The taint analysis supports the loading of multiple configuration files, eliminating the need for users to consolidate all configurations into a single extensive file. Users can simply place all relevant configuration files within a designated directory and then provide the path to this directory (<path/to/config>) when enabling the taint analysis.

Tip
The taint analysis will traverse the directory iteratively during the configuration loading process. Therefore, you have the flexibility to organize the configuration files as you see fit, including placing them in multiple subdirectories if desired.

Output of Taint Analysis

Currently, the output of the taint analysis consists of two parts: console output and taint flow graph.

Console Output

In console output, the taint analysis reports the detected taint flows using the following format:

Detected n taint flow(s):
TaintFlow{SOURCE_POINT -> SINK_POINT}
...

Each taint flow is a pair of source point and sink point. A source point refers to a variable that points to a newly-generated taint object, while a sink point designates a variable pointing to taint objects that have flowed from the source point.

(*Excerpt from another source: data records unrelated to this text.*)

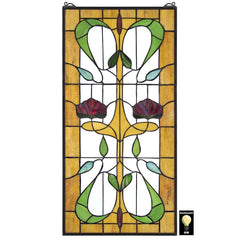 Ruskin Rose Two Flower Stained Glass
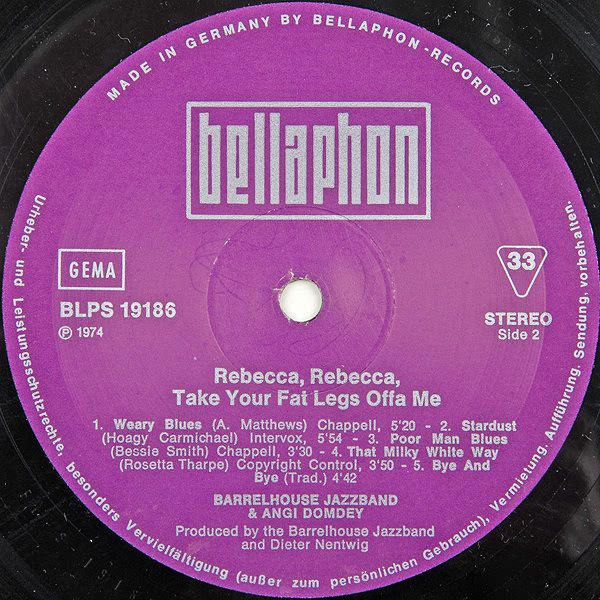 Cover zu Barrelhouse Jazzband & Angi Domdey - Rebecca, Rebecca, Take Your Fat Legs Offa Me | 1974 | Vinyl, LP, Album | Jazz, Funk / Soul, Blues | Germany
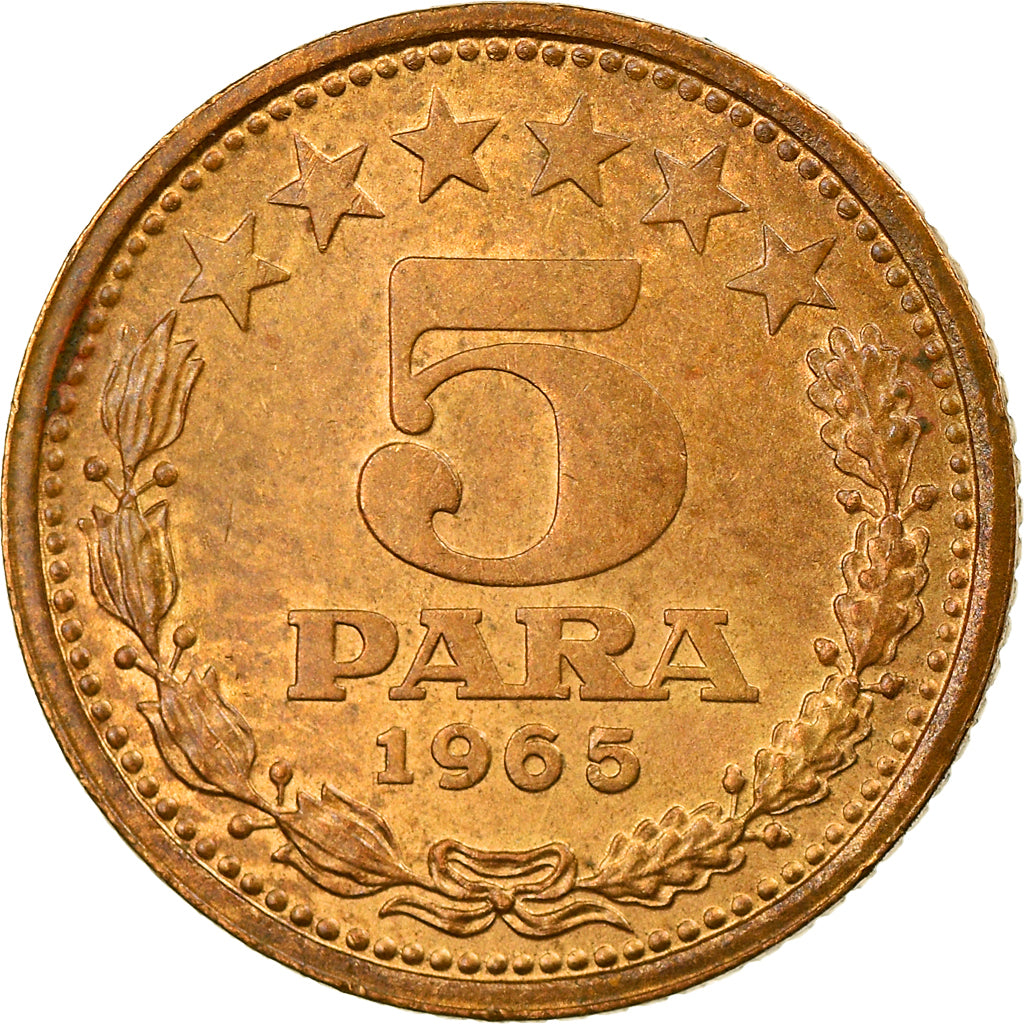 Münze, Jugoslawien, 5 Para, 1965, SS, Messing, KM:42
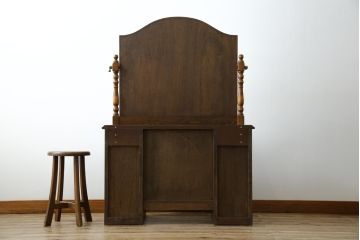 中古　美品　三越家具(現カントリーハウス)　Brugge(ブルージュ)　オーク材　クラシカルな雰囲気漂うドレッサー(鏡台、ミラー)(R-068239)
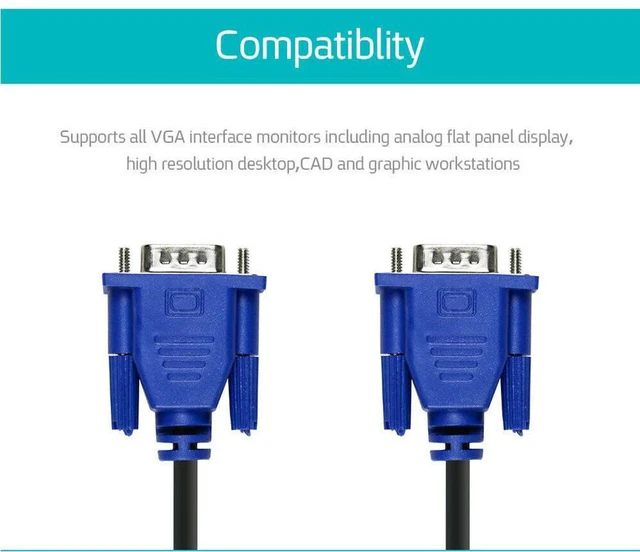 Alt view image 2 of 7 - GA to VGA Monitor Cable, 15 pin 1080P Full HD Male to Male Cor for Computer PC Laptop to Monitor Screen Projector with VGA Plug Port (6 Feet)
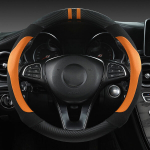 Universaalne PU-nahast roolikate siseringiga - Mugav haare, Libisemiskindel, Vastupidav, Higiimav enamikele auto/veok/SUV mudelitele. , Violent Orange-Round (1855 Suede) Novatori&scaron;ka automobilio apdaila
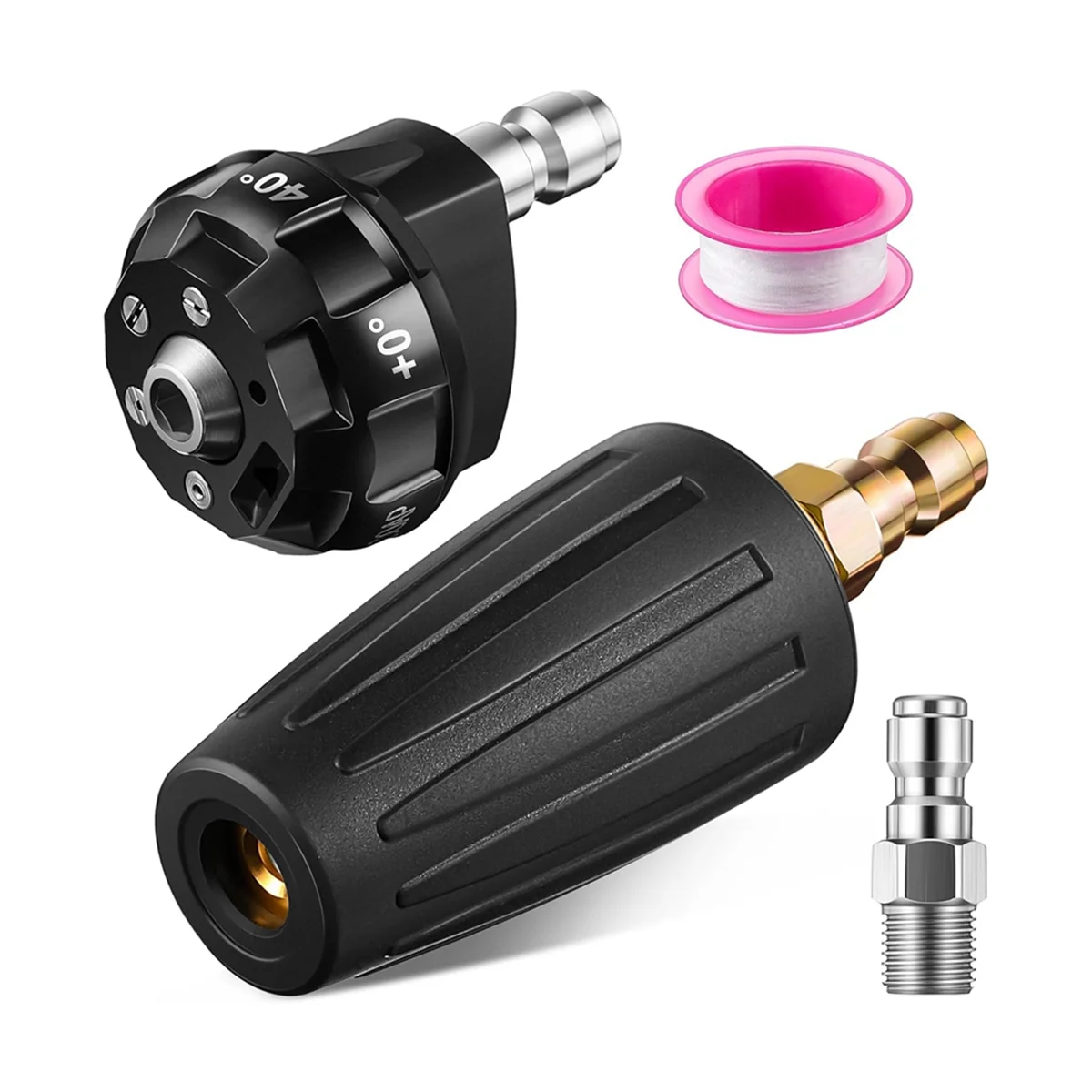 2025+ 高圧洗浄機ノズルセット、6-in-1クイックチェンジオーバーノズルと回転式高圧洗浄機チップ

Given that there are several kinds of Sources, each kind has a corresponding source point representation with a specific format:

Source Source Point Description Source Point Format Explanation

Call source

A variable at a call site of the source method.

METHOD_SIGNATURE[i@Ln] CALL_STMT/INDEX

  • METHOD_SIGNATURE: The method containing the call site.

  • [i@Ln]: Position of the call site.

  • CALL_STMT: The call statement (site).

  • INDEX: Index of the source point variable.

Parameter source

A parameter of the source method.

METHOD_SIGNATURE/INDEX

  • METHOD_SIGNATURE: The source method.

  • INDEX: Index of the source point variable.

Field source

A variable that receives loaded value from the source field.

METHOD_SIGNATURE[i@Ln] LOAD_STMT

  • METHOD_SIGNATURE: The method containing the load statement.

  • [i@Ln]: Position of the load statement.

  • LOAD_STMT: The load statement.

The [i@Ln] represent the position of a statement, where i is the index of the statement in the IR, and n is the line number of the statement in the source code, which can help you locate the statement.

Here are some examples of source points for each kind:

  • Call source: <Main: void main(java.lang.String[])>[3@L7] pw = invokestatic Data.getPassword()/result

  • Parameter source: <Controller: void doGet(javax.servlet.http.HttpServletRequest,javax.servlet.http.HttpServletResponse)>/0

  • Field source: <Main: void main(java.lang.String[])> [29@L24] name = p.<Person: java.lang.String name>

The format of the sink point is exactly the same as call source point, so we won’t repeat the explanation here.

Taint Flow Graph

The console output only provides the starting and ending points of the taint flows. However, for users to validate the reported taint flows and associated security vulnerabilities, it is crucial to investigate the detailed propagation path of taint objects. To meet such needs, we define taint flow graph (TFG for short), whose nodes are the program pointers (e.g., variables and fields) that point to taint objects, and edges represent how taint objects flow among the pointers, so that users can check taint flows by going over the TFG.

To address this requirement, we introduce the concept of taint flow graph (TFG). In a TFG, nodes represent program pointers (such as variables and fields) that point to taint objects, while edges illustrate how taint objects move between these pointers. This allows users to review taint flows by analyzing the TFG.

Tai-e will output the path of the dumped TFG:

Dumping ...\tai-e\output\taint-flow-graph.dot

TFG is dumped as a DOT graph. For a better experience, we recommend installing Graphviz and using it to convert DOT to SVG with the following command:

$ dot -Tsvg taint-flow-graph.dot -o taint-flow-graph.svg

then you can open the TFG with your web browser and examine it.

Note
We plan to develop more user-friendly mechanisms for examining taint analysis results in the future.